NEWBURGH, New York  — In the 1920s, Tokyo high school student Hideichi Oshiro was moved by a haiku poem he never forgot. In it, Edo era poet Matsuo Basho (1644-1694) described coming across the subtle beauty of a wildflower during a walk in the mountains.

“I wanted to make this kind of haiku in my life,” Oshiro told Kyodo News in a recent interview in his Newburgh, New York home, 100 kilometers (62.13 miles) north of Manhattan on the Hudson River. “Nothing else, just one haiku.”

Known as “Hide” by friends and family, the 100-year-old artist has completed much more than just one haiku. He writes a new one every morning and has done so for decades.

Along with the volumes of poetry Oshiro has produced, he donated his life’s work, totaling about 750 pieces of art, in November to Goddard College in Plainfield, Vermont. The art includes calligraphy, paintings, stories, handmade books, sketches and scrolls.

The small progressive liberal arts school has received donations before, but Oshiro’s stood out because of what he said when presenting the work at the rural New England campus on Nov. 3. “He said that the product is only important in how it uncovers for the viewer the process,” President Barbara Vacarr told Kyodo News in her office at Goddard. “Most artists who donate their work would be focusing on the framed paintings, the product of their work, and what was so central to what he talked about was the process or development.”

The Brooklyn native was moved by Oshiro’s words and their relevance to the mission of her college, which emphasizes “life-long learning.” She felt it was an honor to “receive not only his gift of his work but also his gift of vocalizing…what is at the heart of the learning process here.”

Oshiro learned of the school from Carol Curri, a 1997 Goddard graduate, who began working with him 10 years ago after the two artists met at a Newburgh gallery opening.

“I had been looking for a place to house his work because that was his wife’s dream and his dream,” Curri told Kyodo News during an interview in Oshiro’s home.

In addition to finding an institution to keep and preserve Oshiro’s physical legacy, Curri has been gathering information on Oshiro’s life story with the hope of writing a book using the thoughts “twisting and turning” in her head.

Born in 1910 in the then territory of Hawai‘i to Japanese parents who had come to work in the pineapple plantations, Oshiro first went to Japan at the age of 3 when he was sent to live with his grandparents to have a Japanese education. Oshiro learned the art of etching, Japanese ukiyoe woodcuts, gold carving, sculpture and brushwork at Aoyama Gakuin Senior High School and Sophia University.

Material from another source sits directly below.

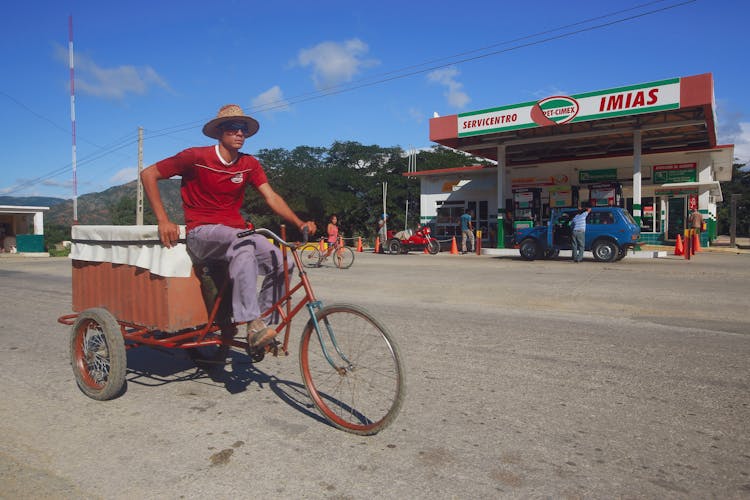 Man Riding A Bicycle With A Carriage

He was introduced to the famous painter Gyokudo Kawai (1873-1957), who taught Oshiro how to use a brush, which motivated the young artist to study hard.
Oshiro returned to his birthplace in the 1930s where he taught Japanese at a local school on O‘ahu Island.

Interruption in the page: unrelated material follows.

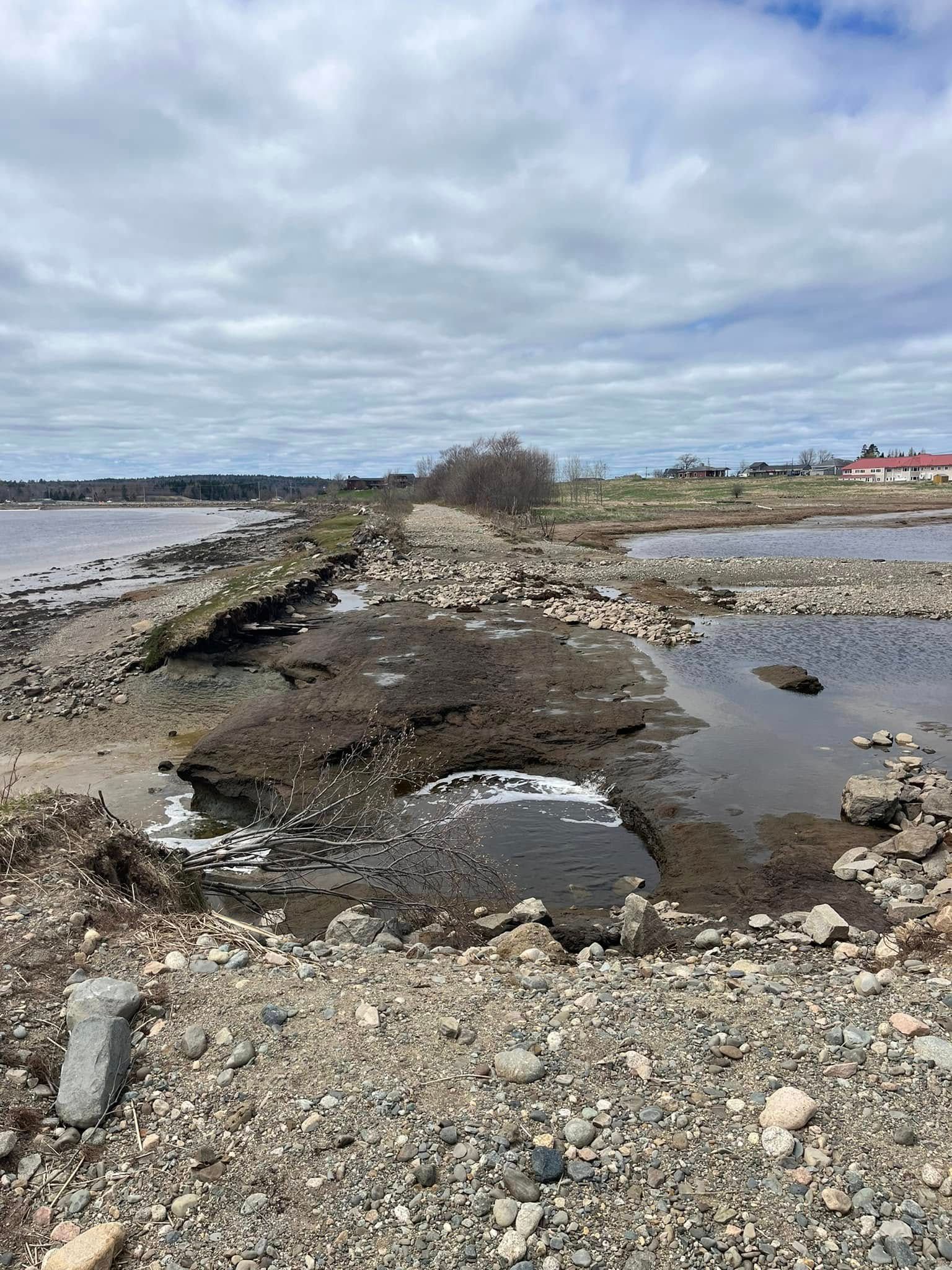 Collapsed concrete structure surrounded by water, rocks, and overcast sky.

He remembers the Sunday morning, Dec. 7, 1941, when a group of panicked students came running to him saying, “Japan attacked Hawai‘i! They attacked us!”

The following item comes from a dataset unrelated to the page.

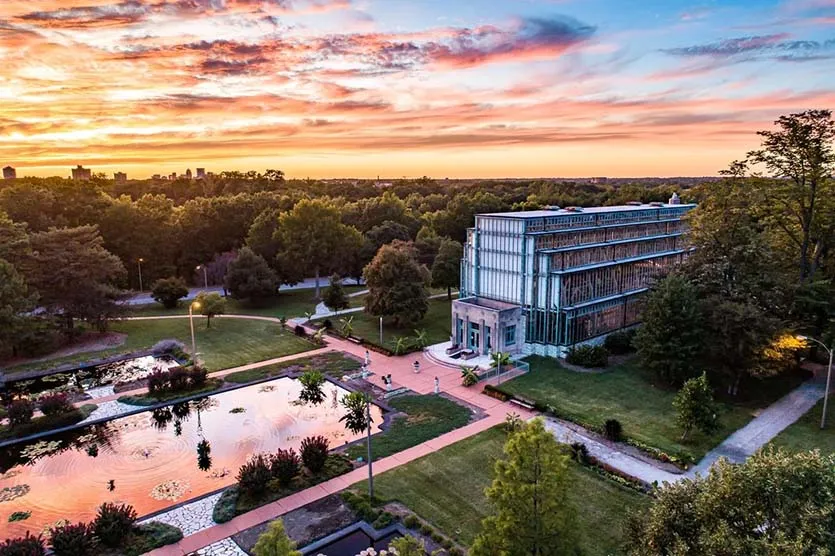 Aerial view of the Jewel Box conservatory in Forest Park at sunset, with reflecting pools in the foreground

At first, he did not believe it and told the children, “No, it’s only war games,” but soon realized that the bombs and fires erupting on the school fields were real.

“Japan attacked Hawai‘i and I’m an American citizen…I couldn’t think about anything, only darkness and doom,” he solemnly said while shaking his head, adding that the 2001 film “Pearl Harbor,” with all of its Hollywood “imagination,” did not come close to the horror of the actual event.

After spending three months in an internment camp, Oshiro chose to join the army and was assigned to basic training in Minnesota where he took classes at night at the Walker Art Center in Minneapolis.

Oshiro spent six years in the army before leaving to pursue art at the Academie de la Grande Chaumeirie in Paris, eventually settling in New York City, inspired by the vitality of the bustling metropolis.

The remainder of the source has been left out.